**EXERCISE BRIEF**. Look through the data below for the line with "Matamis Street map", and transcribe it exactly together with each line after it up to and including the line with "Bayer Leverkusen jersey". Give nothing else.

**RECORDS SUPPLIED**.
--------------------------------
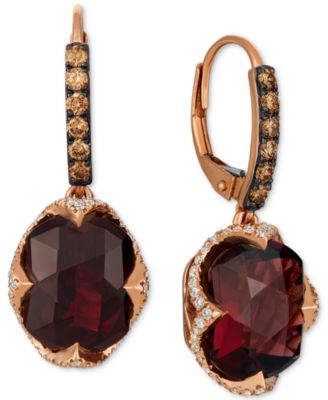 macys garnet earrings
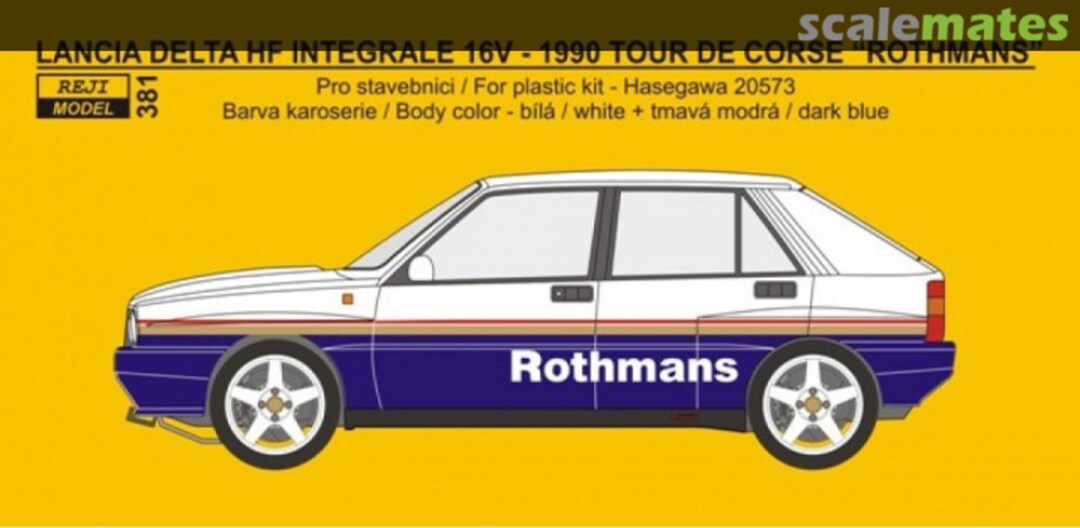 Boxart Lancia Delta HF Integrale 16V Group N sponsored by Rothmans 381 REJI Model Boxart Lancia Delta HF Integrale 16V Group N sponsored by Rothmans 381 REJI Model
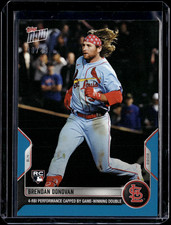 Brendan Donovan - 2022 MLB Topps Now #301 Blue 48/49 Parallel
--------------------------------
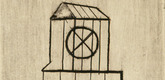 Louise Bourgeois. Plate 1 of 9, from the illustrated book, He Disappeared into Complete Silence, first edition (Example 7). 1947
--------------------------------
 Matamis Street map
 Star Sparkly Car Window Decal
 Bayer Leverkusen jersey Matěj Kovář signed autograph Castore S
--------------------------------
**TASK ANSWER**.
 Matamis Street map
 Star Sparkly Car Window Decal
 Bayer Leverkusen jersey Matěj Kovář signed autograph Castore S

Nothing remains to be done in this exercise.